To determine whether we could develop hypotheses about how specific PTM components or combinations of them might affect student learning, we analyzed the data in Table 2, developing additional charts and returning to the original video data when warranted for further investigation of potential relationships. In the following, we discuss five hypotheses about PTMs that were drawn from the data in this study. These are hypotheses due to the exploratory nature of the study and the limited data set. Our intent is to provide a foundation so that future research can test and expand these hypotheses to provide more definitive results.

Hypothesis 1

The type of PTM does not affect teachers’ ability to respond to it effectively.

The decision and implementation data showed that there was no one PTM type that the beginning teachers were able to respond to better than the others. In this analysis, we considered whether the teacher actively responded to the PTM and, if so, the level at which the decision was implemented.

Confusion PTMs were associated with active teacher responses the most often (83 % of the time), but only 60 % of these responses were implemented effectively. This implies that this type of PTM may be easier for beginning teachers to recognize and respond to in some way, but that implementing the decision well is still difficult. Extending PTMs were actively responded to by the beginning teachers 55 % of the time, but had the lowest effective implementation rate, with only 50 % of those responded to associated with a moderately, and none with a skillfully, implemented decision. Sense-making PTMs were actively responded to 46 % of the time, with all but one of those responses (83 %) being moderately implemented.

Incorrect mathematics and contradiction were the only PTM types in the study that were associated with a skillful implementation—once for each type. Overall, however, these PTM types were not generally associated with more active decisions than the other PTM types. Incorrect mathematics PTMs were actively responded to 63 % of the time (five of the eight decisions), with 80 % effective implementation (one skillfully, three moderately). The two contradiction PTMs were actively responded to 67 % of the time (two of the three decisions) and had a 100 % effective implementation rate (one skillfully, one moderately), but the small number of instances of this PTM type makes it difficult to draw any conclusions.

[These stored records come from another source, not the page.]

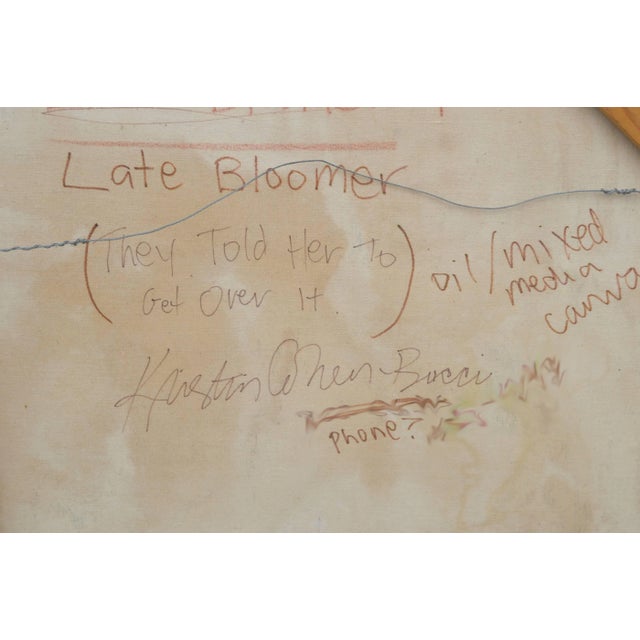 1990s Girl With Glass by Kristin Cohen For Sale - Image 5 of 7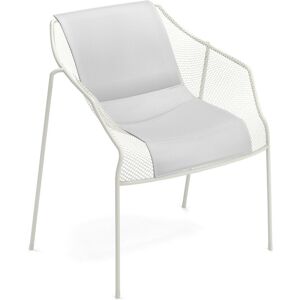 Emu - Heaven Armchair, Matt White, Cushion: White - Vit - Balkong- Och Caféstolar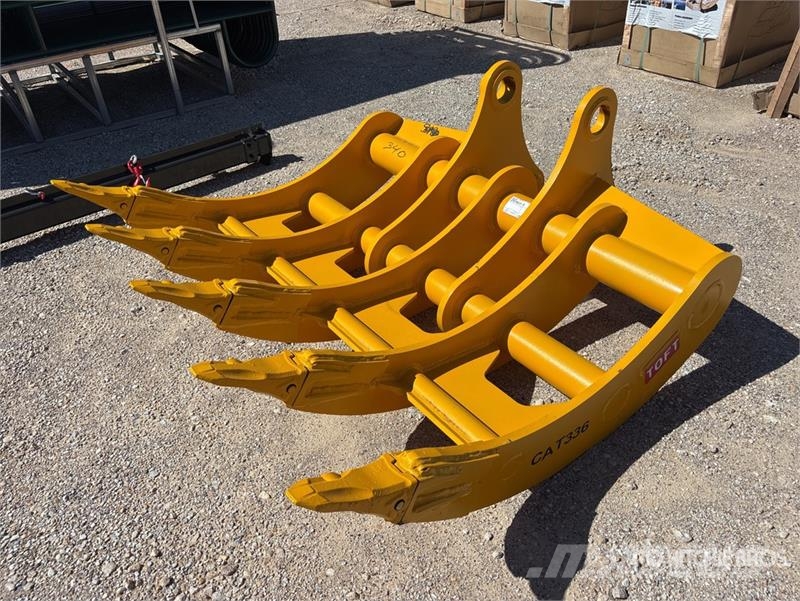 TOFT 10R 66 in Excavator Rake - Fits Cat 336 (Unus Kreiselheuer/-wender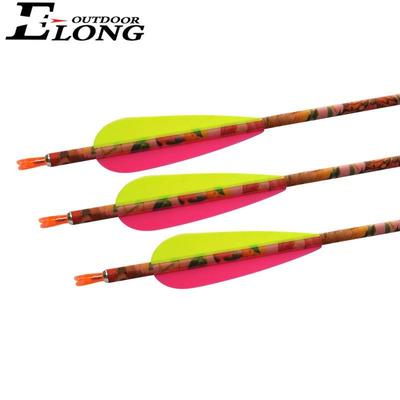 Spine 400 Archery Hunting & Shooting Pink Camo Pure Carbon Arrow for Women Archery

In summary, the active response rates for the five PTM types ranged from 46 to 83 %, with effective implementation rates for active decisions ranging from 50 and 100 %. Although it may appear that these rates could imply a difference in the beginning teachers’ ability to respond to certain PTM types, there was no clear relationship between percent of active responses and percent of positive implementation. In other words, the PTMs that the beginning teachers were most easily able to identify and act upon were not those associated with the most productive implementation. Furthermore, with the exception of the contradiction PTMs, where the sample size was very small, no PTM type was associated with active, effectively implemented decisions more than half of the time. These findings are not surprising given that previous research has documented novice teachers’ difficulty responding to student comments during a lesson (Berliner 2001; Davies and Walker 2005; Jacobs et al. 2010; Peterson and Leatham 2009). Our findings, however, provide additional perspective on the problem, as they suggest specifics about novice teachers’ difficulties responding to all PTM types.

Hypothesis 2

Teachers’ inability to notice when important mathematical opportunities take place has a negative affect on students’ opportunities to learn.

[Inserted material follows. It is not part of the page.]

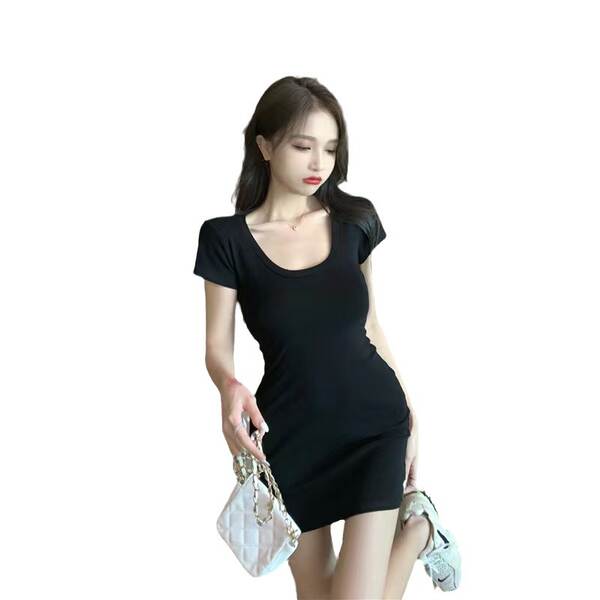 Vestido curto de verão feminino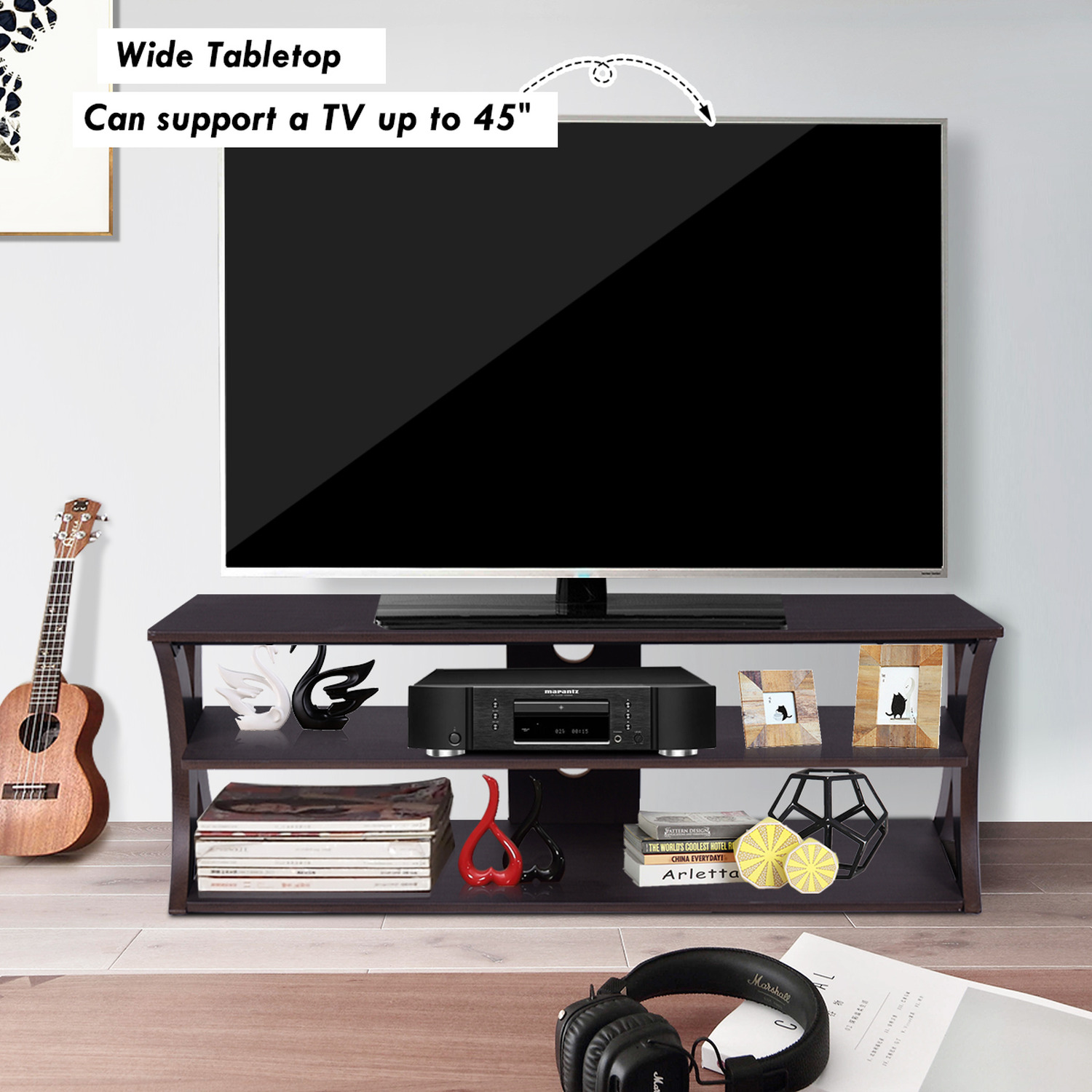 Media Console Table Tv Stand - Black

Consistent with Walshaw and Anthony’s (2008) conclusion from their synthesis of research on mathematics classroom discourse, the data in this study strongly suggest that a teachers’ ability to notice and act on important mathematical opportunities that occur during instruction is critical to improving students’ opportunities to learn mathematics. In the study, the beginning teachers’ active response to such opportunities in some way was associated with a medium or low positive likely impact on student learning 67 % of the time—83 % for extends/connections decisions, 50 % for decisions to pursue student thinking, and 75 % for emphasizes meaning decisions. Teachers’ inactive responses to such opportunities (coded as acknowledges but continues, or ignores or dismisses) were associated with a positive impact only 6 % of the time—10 % for acknowledges but continues and 0 % for ignores or dismisses. Furthermore, a teacher’s failure to actively respond had a 29 % chance of being associated with a likely negative impact on student learning.

Consider the “distance-time graph” example from the “Incorrect mathematics” section where the student’s mathematically incorrect representation of the situation provided an opportunity to clarify the difference between a mathematical representation of a situation and a picture of the situation. The teacher’s failure to take advantage of this opportunity created a situation that could introduce or reinforce a common misconception, thus resulting in a negative likely impact on student learning.

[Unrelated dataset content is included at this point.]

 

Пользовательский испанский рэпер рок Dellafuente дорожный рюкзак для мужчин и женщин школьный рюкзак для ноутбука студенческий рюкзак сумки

The one case where a minimal teacher response was associated with a likely positive impact was an instance in which a student proposed to write a solution as y = (2x)/2. The teacher acknowledged this was correct, but did not discuss it and proceeded to push for the equation that he wanted, y = (1/2)·2x. In this case, even though the teacher did not spend time on the student’s idea, the students’ exposure to the idea that there might be more than one way to write the solution may have had a low positive impact on their learning.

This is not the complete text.